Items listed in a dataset

»»

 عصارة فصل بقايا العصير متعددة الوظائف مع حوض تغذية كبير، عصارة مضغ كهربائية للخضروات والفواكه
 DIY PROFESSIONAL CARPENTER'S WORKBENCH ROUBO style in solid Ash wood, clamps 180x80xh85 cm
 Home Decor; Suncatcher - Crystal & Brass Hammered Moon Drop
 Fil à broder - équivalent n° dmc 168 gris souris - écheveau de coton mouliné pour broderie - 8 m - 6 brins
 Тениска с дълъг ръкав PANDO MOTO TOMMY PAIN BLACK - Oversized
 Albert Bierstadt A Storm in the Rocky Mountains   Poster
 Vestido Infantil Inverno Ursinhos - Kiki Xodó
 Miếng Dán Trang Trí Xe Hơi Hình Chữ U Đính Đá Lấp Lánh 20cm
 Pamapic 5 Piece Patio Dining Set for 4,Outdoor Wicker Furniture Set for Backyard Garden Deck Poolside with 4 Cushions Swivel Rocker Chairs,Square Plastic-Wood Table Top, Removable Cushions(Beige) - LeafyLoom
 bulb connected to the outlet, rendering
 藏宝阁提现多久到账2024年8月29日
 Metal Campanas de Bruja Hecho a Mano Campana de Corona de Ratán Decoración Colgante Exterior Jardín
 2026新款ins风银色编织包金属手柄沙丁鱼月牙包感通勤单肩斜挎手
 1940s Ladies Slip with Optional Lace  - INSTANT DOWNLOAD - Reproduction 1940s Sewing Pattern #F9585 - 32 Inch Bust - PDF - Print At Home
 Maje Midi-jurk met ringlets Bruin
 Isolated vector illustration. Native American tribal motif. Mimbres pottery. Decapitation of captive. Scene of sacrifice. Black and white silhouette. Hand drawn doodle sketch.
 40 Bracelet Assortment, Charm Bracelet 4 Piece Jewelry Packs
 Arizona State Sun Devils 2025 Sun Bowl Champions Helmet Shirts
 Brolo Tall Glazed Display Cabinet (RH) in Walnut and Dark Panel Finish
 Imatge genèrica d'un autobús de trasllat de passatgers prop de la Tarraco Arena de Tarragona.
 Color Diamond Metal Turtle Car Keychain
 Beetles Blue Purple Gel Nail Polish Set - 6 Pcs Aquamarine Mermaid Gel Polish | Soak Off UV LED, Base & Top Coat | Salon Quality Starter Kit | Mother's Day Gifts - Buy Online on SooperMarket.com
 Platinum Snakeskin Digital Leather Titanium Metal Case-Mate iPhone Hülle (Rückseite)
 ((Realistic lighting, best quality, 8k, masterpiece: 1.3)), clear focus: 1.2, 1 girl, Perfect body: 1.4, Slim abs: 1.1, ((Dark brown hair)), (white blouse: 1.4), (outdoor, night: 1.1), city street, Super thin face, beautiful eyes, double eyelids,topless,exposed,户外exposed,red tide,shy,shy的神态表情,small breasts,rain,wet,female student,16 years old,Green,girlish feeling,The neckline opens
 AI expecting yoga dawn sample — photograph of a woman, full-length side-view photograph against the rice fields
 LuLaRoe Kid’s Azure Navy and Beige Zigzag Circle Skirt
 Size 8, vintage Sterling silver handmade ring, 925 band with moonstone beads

««

Exercise description: Output each of the records exactly as it stands above.

Exercise solution:
 عصارة فصل بقايا العصير متعددة الوظائف مع حوض تغذية كبير، عصارة مضغ كهربائية للخضروات والفواكه
 DIY PROFESSIONAL CARPENTER'S WORKBENCH ROUBO style in solid Ash wood, clamps 180x80xh85 cm
 Home Decor; Suncatcher - Crystal & Brass Hammered Moon Drop
 Fil à broder - équivalent n° dmc 168 gris souris - écheveau de coton mouliné pour broderie - 8 m - 6 brins
 Тениска с дълъг ръкав PANDO MOTO TOMMY PAIN BLACK - Oversized
 Albert Bierstadt A Storm in the Rocky Mountains   Poster
 Vestido Infantil Inverno Ursinhos - Kiki Xodó
 Miếng Dán Trang Trí Xe Hơi Hình Chữ U Đính Đá Lấp Lánh 20cm
 Pamapic 5 Piece Patio Dining Set for 4,Outdoor Wicker Furniture Set for Backyard Garden Deck Poolside with 4 Cushions Swivel Rocker Chairs,Square Plastic-Wood Table Top, Removable Cushions(Beige) - LeafyLoom
 bulb connected to the outlet, rendering
 藏宝阁提现多久到账2024年8月29日
 Metal Campanas de Bruja Hecho a Mano Campana de Corona de Ratán Decoración Colgante Exterior Jardín
 2026新款ins风银色编织包金属手柄沙丁鱼月牙包感通勤单肩斜挎手
 1940s Ladies Slip with Optional Lace  - INSTANT DOWNLOAD - Reproduction 1940s Sewing Pattern #F9585 - 32 Inch Bust - PDF - Print At Home
 Maje Midi-jurk met ringlets Bruin
 Isolated vector illustration. Native American tribal motif. Mimbres pottery. Decapitation of captive. Scene of sacrifice. Black and white silhouette. Hand drawn doodle sketch.
 40 Bracelet Assortment, Charm Bracelet 4 Piece Jewelry Packs
 Arizona State Sun Devils 2025 Sun Bowl Champions Helmet Shirts
 Brolo Tall Glazed Display Cabinet (RH) in Walnut and Dark Panel Finish
 Imatge genèrica d'un autobús de trasllat de passatgers prop de la Tarraco Arena de Tarragona.
 Color Diamond Metal Turtle Car Keychain
 Beetles Blue Purple Gel Nail Polish Set - 6 Pcs Aquamarine Mermaid Gel Polish | Soak Off UV LED, Base & Top Coat | Salon Quality Starter Kit | Mother's Day Gifts - Buy Online on SooperMarket.com
 Platinum Snakeskin Digital Leather Titanium Metal Case-Mate iPhone Hülle (Rückseite)
 ((Realistic lighting, best quality, 8k, masterpiece: 1.3)), clear focus: 1.2, 1 girl, Perfect body: 1.4, Slim abs: 1.1, ((Dark brown hair)), (white blouse: 1.4), (outdoor, night: 1.1), city street, Super thin face, beautiful eyes, double eyelids,topless,exposed,户外exposed,red tide,shy,shy的神态表情,small breasts,rain,wet,female student,16 years old,Green,girlish feeling,The neckline opens
 AI expecting yoga dawn sample — photograph of a woman, full-length side-view photograph against the rice fields
 LuLaRoe Kid’s Azure Navy and Beige Zigzag Circle Skirt
 Size 8, vintage Sterling silver handmade ring, 925 band with moonstone beads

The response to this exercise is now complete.